Seminar 31/03/17: Geometric aspects of fluid models with vorticity

Geometric aspects of fluid models with vorticity
Tony Lyons
Waterford Institute of Technology
Friday 31 March 2017
4pm, Room KE2-008, 2nd Floor, Main Building, DIT Kevin Street

Abstract:

In this talk we outline a derivation of a two-component system of nonlinear PDE modelling shallow water-waves with vorticity. In line with several other well known shallow water models with quadratic nonlinearities, such as the Camassa-Holm and Hunter-Saxton equations, we show how this may be interpreted as a geodesic flow on an appropriate diffeomorphism group. We then outline how this geometric interpretation may be used to show the well-posedness of the fluid model, and establish criteria for the existence of global solutions for the system.

Seminar 6/10/17: Formation and Growth of the first Black Holes

Formation and Growth of the first Black Holes
John Regan
Dublin City University
Friday 6 October 2017
1pm, Blue Room, 4th floor, Main Building, DIT Kevin Street

Abstract:

The discovery of supermassive black holes (SMBHs) at high-z (z ≥ 6) is a direct challenge to our understanding of the formation of the structure at small scales in the Universe (first stars, galaxies and black holes). The first stars are expected to form in mini-haloes where a combination of gravity and gas chemistry result in the first runaway collapse. These first stars may be massive with characteristic masses in the region of 50 Msolar. However, the observations of SMBHs with masses of 1 billion solar masses shortly after when we expect the first stars to form is perplexing.

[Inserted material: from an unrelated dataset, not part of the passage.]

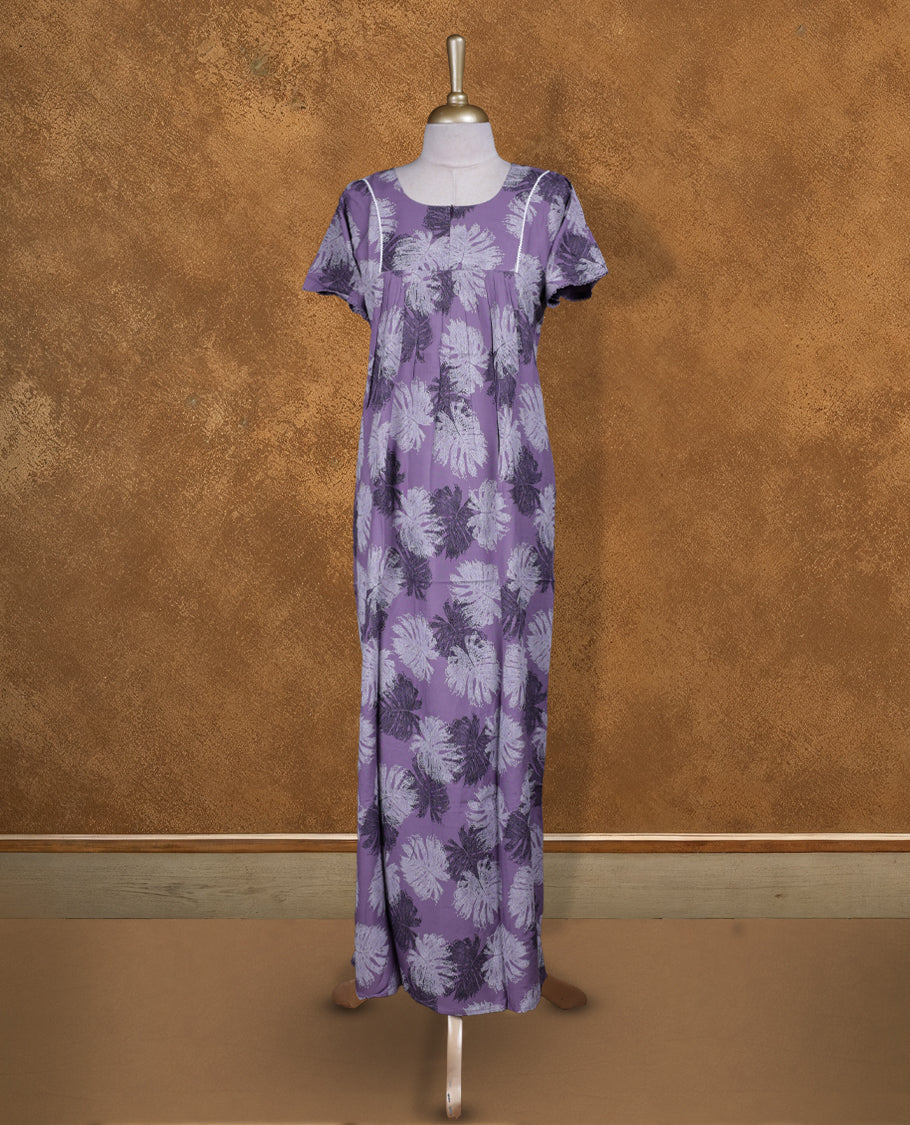 lavender colour NStyle nighty featuring Black and White Leaf patterns, a Round neckline and thread border, short sleeves, and a full ankle-length design.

I will discuss possible solutions to this problem. In particular I will discuss forming unusually massive stars in the early Universe which could explain the high-z SMBHs and also importantly the growth requirements subsequently (from either PopIII stars or supermassive stars) – which will likely require periods of super-critical growth.

Seminar 31/03/17: Breeding new methods for finding first order saddle points

Breeding new methods for finding first order saddle points
Carlos Argáez
University of Iceland
Friday 31 March 2017
3.30pm, Room KE2-008, 2nd Floor, Main Building, DIT Kevin Street

Abstract:

The minimum mode following method for finding first order saddle points on an energy surface is used, for example, in simulations of long time scale evolution of materials and surfaces of solids. Such simulations are increasingly being carried out in combination with computationally demanding electronic structure calculations of atomic interactions, so it is essential to reduce as much as possible the number of chemical-function evaluations needed to find the relevant saddle points. Several improvements to the method are discussed here. Among the new advantages of this method, minimization method is used here: the minimum mode is estimated using the Davidson method with a new coupling on the Hessian approximation. Significant savings in the number of function evaluations can be obtained by assuming the minimum mode is unchanged until the atomic displacement exceeds a threshold value. In total, with this new breed the number of function evaluations is reduced to less than a third with the improved method as compared with the best previously reported results.